Now imagine production situation: server 2 goes down, server 1 continues to be a master and execute transactions, then at some point it's taken down for cold backup, restored on a new machine without binlogs, but @@global.gtid_slave_pos is set to the value of @@global.gtid_current_pos that was set at the moment of server going down. And after that server continues to be a master.
Let's emulate this situation: stop slave on server 2, bring down server 1, delete all master-bin.* files, bring up server 1, set @@global.gtid_slave_pos = '0-1-5', start slave on server 2. And what do you know, server 2 doesn't have any errors. And if I execute new transactions on server 1 they are happily replicated. So server 2 skipped transactions and no one noticed that. That's not how strict mode should work.
Let's continue the experiment.

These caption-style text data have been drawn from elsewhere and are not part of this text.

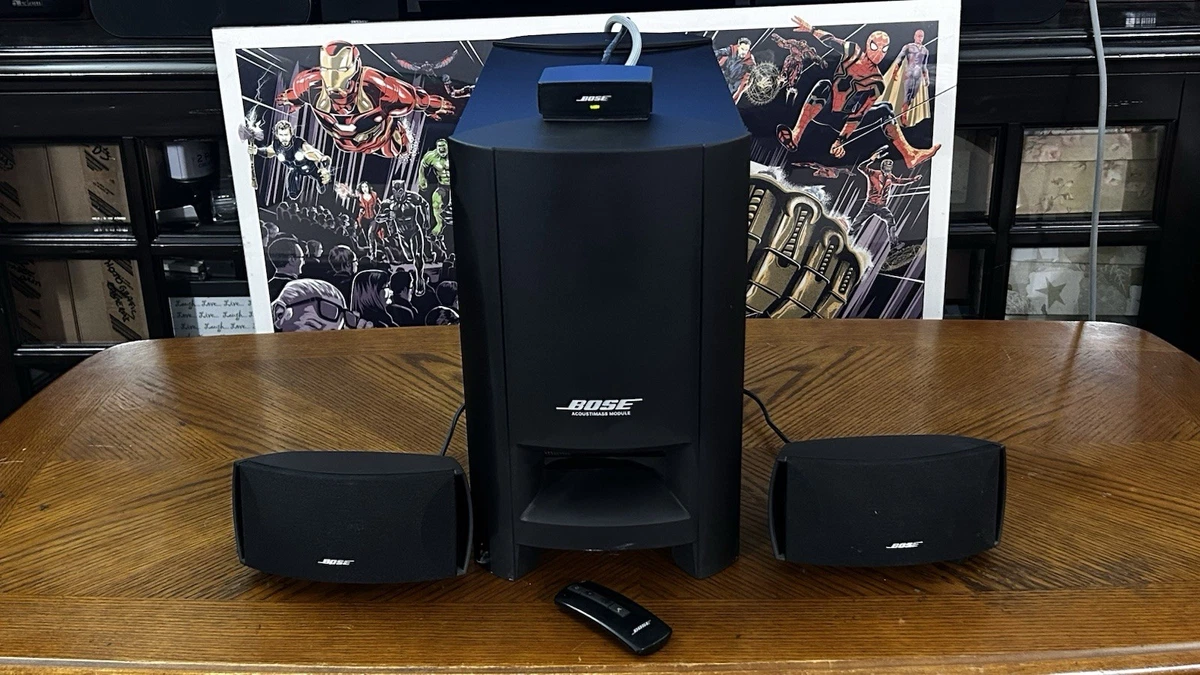 Home Bose CineMate Series II Speakers & Subwoofers for sale - eBay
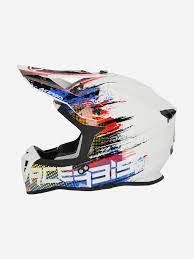 Шолом ACERBIS LINEAR 2206 white/blue/red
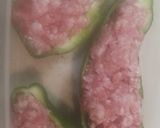 レンチンでピーマンの肉詰め♥作り方15写真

Let's say we stopped at the GTID '0-1-6'. Now
"stop slave" on server 2
"reset slave all" on server 2
shutdown server 2
delete all master-bin.* files
bring up server 2
"set @@global.gtid_slave_pos = '0-2-10'"
"change master to" on server 1 to make server 2 master
"start slave" on server 1
try to execute transactions on server 2
For some reason at this point server 1 doesn't have any errors and doesn't replicate anything from server 2. Oops. If after advancing gtid_current_pos on server 2 we "stop slave" on server 1 and "start slave" on server 1 then we start seeing error: "connecting slave requested to start from GTID 0-1-6, which is not in the master's binlog". This is the expected behavior. Why it couldn't show this error at the very beginning, before server 2 had any events in the binlog?
Now moving further. Let's say we restored replication and stopped at gtid_current_pos = '0-2-11'. Now
"stop slave" on server 1
execute transaction on server 2
execute transaction on server 1
At this point server 1 has gtid_current_pos = '0-1-12' and server 2 has gtid_current_pos = '0-2-12', i.e they have alternate futures. Now if we make server 1 master and connect server 2 to it server 2 will show error "connecting slave requested to start from GTID 0-2-12, which is not in the master's binlog". This is not helpful. Alternate future is a very serious problem and there should be an easy and clear way to detect this situation. The error message is the obvious choice for detection tools but MariaDB doesn't distinguish it from the "slave start from GTID that is before binlogs were started" situation. Can this be changed? I've already requested this behavior in MDEV-4478, but apparently it was either forgotten, or for some reason you decided not to implement it. If the latter I'd like to hear why.